My path is correct. I’m using docker-compose and its the same file I used since before the upgrade. The drive mount path hasn’t changed either. The only causes of these errors I can think of are possible corruption from improper shutdown, or the node attempted to start on the wrong drive at some point while I was upgrading (the latter is unlikely).

robhodl · September 14, 2020, 2:30pm

For each of the missing databases, I copied the database from another node. Then I opened it in sqlite and deleted data from all the tables.

For each database:
sqlite3> .tables
sqlite3> DELETE FROM table_name;

I thought this would give the same result as creating the databases from scratch. However, now Im getting this error:

Error: Error creating tables for master database on storagenode: migrate: table notifications already exists

robhodl · September 14, 2020, 2:58pm

I then dropped all the tables that it complained about until the node started running again.
sqlite3> DROP TABLE table_name;

As expected, all the information in the dashboard is empty. Can I expect my node’s reputation to suffer, will I be disqualified for having empty databases?

robhodl · September 14, 2020, 3:03pm

Yep, it was disqualified. RIP 8TB of data. Looks like I’m starting fresh. with this one.

BrightSilence · September 14, 2020, 3:06pm

No, that’s a fine approach if the data was missing already. It’s obviously not ideal since you’re definitely missing stats and earnings calculators as well as the dashboard will show incorrect information. some of that will be corrected automatically, like current space usage and reputation information. Which will either be recalculated or retrieved from the satellite.
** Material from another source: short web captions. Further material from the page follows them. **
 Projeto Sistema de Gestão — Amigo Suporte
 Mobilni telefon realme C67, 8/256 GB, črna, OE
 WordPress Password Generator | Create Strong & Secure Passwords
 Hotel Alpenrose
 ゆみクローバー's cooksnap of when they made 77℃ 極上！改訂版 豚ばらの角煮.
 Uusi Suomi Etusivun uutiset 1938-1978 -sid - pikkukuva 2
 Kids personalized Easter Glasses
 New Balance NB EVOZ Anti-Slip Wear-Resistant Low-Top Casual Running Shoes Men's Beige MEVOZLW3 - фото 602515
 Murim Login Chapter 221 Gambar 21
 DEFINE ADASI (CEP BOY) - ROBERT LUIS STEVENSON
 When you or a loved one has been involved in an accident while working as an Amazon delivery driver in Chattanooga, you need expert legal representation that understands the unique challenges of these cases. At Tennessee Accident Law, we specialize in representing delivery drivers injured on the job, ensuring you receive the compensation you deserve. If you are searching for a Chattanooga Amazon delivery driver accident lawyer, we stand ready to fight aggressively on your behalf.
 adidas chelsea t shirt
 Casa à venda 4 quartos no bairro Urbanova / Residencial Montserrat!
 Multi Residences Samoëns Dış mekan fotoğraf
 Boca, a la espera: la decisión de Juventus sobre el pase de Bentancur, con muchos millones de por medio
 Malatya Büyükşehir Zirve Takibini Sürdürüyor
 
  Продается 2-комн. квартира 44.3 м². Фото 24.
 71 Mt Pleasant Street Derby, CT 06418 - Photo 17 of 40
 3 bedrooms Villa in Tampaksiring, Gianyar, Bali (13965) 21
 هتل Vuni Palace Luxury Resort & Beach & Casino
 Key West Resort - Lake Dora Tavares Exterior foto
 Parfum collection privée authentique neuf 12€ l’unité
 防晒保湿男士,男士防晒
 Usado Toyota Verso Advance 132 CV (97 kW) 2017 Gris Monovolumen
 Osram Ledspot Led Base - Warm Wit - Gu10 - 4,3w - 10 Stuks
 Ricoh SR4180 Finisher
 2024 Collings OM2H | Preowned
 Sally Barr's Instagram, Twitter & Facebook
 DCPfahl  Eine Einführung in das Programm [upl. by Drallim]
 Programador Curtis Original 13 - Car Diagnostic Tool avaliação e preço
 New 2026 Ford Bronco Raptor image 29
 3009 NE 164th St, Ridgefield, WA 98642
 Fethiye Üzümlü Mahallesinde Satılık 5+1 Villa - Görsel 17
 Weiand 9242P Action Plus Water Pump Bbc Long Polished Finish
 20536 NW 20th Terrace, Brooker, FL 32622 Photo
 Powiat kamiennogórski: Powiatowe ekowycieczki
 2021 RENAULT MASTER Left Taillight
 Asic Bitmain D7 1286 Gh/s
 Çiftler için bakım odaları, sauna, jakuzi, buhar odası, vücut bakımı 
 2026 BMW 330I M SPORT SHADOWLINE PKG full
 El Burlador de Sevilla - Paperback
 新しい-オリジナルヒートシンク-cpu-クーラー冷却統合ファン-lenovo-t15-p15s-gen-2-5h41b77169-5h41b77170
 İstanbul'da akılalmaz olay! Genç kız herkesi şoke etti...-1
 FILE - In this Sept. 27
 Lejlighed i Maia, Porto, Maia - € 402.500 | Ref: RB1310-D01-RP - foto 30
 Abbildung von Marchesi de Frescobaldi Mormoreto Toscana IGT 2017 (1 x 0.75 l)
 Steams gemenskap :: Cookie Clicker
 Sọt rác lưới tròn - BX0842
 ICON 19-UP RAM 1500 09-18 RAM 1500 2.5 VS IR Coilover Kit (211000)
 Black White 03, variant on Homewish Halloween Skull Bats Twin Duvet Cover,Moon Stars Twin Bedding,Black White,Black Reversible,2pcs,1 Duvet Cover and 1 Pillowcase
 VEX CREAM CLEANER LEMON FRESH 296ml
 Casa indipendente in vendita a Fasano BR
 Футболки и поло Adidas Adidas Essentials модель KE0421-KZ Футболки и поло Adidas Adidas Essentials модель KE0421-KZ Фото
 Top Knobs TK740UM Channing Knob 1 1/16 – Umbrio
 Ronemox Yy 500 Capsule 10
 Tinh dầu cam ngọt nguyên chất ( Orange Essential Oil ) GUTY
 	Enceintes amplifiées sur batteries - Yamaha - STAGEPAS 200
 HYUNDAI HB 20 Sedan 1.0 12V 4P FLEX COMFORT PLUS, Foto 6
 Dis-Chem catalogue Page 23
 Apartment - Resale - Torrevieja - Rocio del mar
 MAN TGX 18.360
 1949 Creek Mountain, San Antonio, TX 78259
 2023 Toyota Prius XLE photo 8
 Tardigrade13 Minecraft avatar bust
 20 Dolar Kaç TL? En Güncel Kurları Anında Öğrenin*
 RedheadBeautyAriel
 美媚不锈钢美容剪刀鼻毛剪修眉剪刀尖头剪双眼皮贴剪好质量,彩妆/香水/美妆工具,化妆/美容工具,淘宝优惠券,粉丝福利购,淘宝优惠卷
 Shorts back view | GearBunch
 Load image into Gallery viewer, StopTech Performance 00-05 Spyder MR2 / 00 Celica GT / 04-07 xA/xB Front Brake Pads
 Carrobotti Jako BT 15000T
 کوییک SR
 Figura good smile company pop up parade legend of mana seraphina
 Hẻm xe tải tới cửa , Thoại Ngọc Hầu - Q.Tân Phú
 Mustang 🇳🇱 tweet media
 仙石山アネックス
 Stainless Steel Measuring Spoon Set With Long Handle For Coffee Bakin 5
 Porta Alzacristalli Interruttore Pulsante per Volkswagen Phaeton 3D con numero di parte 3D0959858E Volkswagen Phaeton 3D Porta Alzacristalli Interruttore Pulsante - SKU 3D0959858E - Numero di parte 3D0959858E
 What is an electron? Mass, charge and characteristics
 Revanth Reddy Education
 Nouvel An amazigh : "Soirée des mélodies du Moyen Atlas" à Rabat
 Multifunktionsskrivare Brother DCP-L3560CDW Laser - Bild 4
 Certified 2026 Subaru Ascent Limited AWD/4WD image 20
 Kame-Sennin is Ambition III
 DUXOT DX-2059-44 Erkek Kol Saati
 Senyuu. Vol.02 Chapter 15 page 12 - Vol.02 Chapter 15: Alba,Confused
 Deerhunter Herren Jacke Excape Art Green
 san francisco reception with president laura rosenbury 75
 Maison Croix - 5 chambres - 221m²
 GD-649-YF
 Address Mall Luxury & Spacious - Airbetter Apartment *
But historic space used and notifications will likely not be recovered.

Luckily all data in your databases are non-essential and you could even delete all databases and your node will still operate just fine. (If there are no databases at all, the node will recreate new empty ones automatically, but this is obviously something you want to avoid)

Edit: I just saw your update that it was disqualified. This is not due to the databases being gone as the node doesn’t need them to succeed audits. Most likely whatever cause half your databases to disappear also impacted the data on your node. So I guess you have some work to do to figure out why data is disappearing.

robhodl · September 14, 2020, 3:09pm

That’s good to know. So far it’s only been disqualified on one satellite. I have many as peers so I’ll just wait and see whats up. The drive is still full with data pieces so they’re not completely gone. I’ll report back if any more satellites disqualify me.

Edit: the node was offline for over 24 hours, maybe that was enough to disqualify it?

BrightSilence · September 14, 2020, 3:10pm

Have a look in your logs for lines with both failed and GET_AUDIT in them. That should tell you why you are getting disqualified.

robhodl · September 14, 2020, 3:26pm

Lots of GET and GET_REPAIR actions. About 1 out of 30 GET actions is failing with file does not exist. The failed actions are happening with many satellites but those same satellites are also getting successful actions. Hopefully, it will sort itself out without too much of a reputation ding.

BrightSilence · September 14, 2020, 3:31pm

Only the GET_AUDIT lines will count towards your reputation, but it looks like you have a lot of missing files. I’m afraid your node will likely not survive that. Probably just a matter of time for the other satellites.

robhodl · October 8, 2020, 5:44pm

So its been about a month, here’s an update. My node was disqualified on 2 satellites because it failed audits. However, the audit is 100% correct on the other 4 satellites.

My question is how should I proceed? Will the 2 satellites I’ve disqualified on eventually take me back? Will they be replaced by other sats? Am I better off killing the node and starting fresh or should I keep it in service for the 4 sats that respect my node?

Thanks!

Alexey · October 10, 2020, 9:05am

No. The DQ is permanent and not reversible.

Maybe we would have a new satellites, but they will not replace the DQed ones, the lasts will remain.

This is up on you. However, you will still be paid for data and traffic of customers of remained satellites if you would leave it running.
Also, you can invoke a Graceful Exit from the remained satellites when your node will be eligible to do so (after 6 months in the network for now, but the initial terms - after 15 months).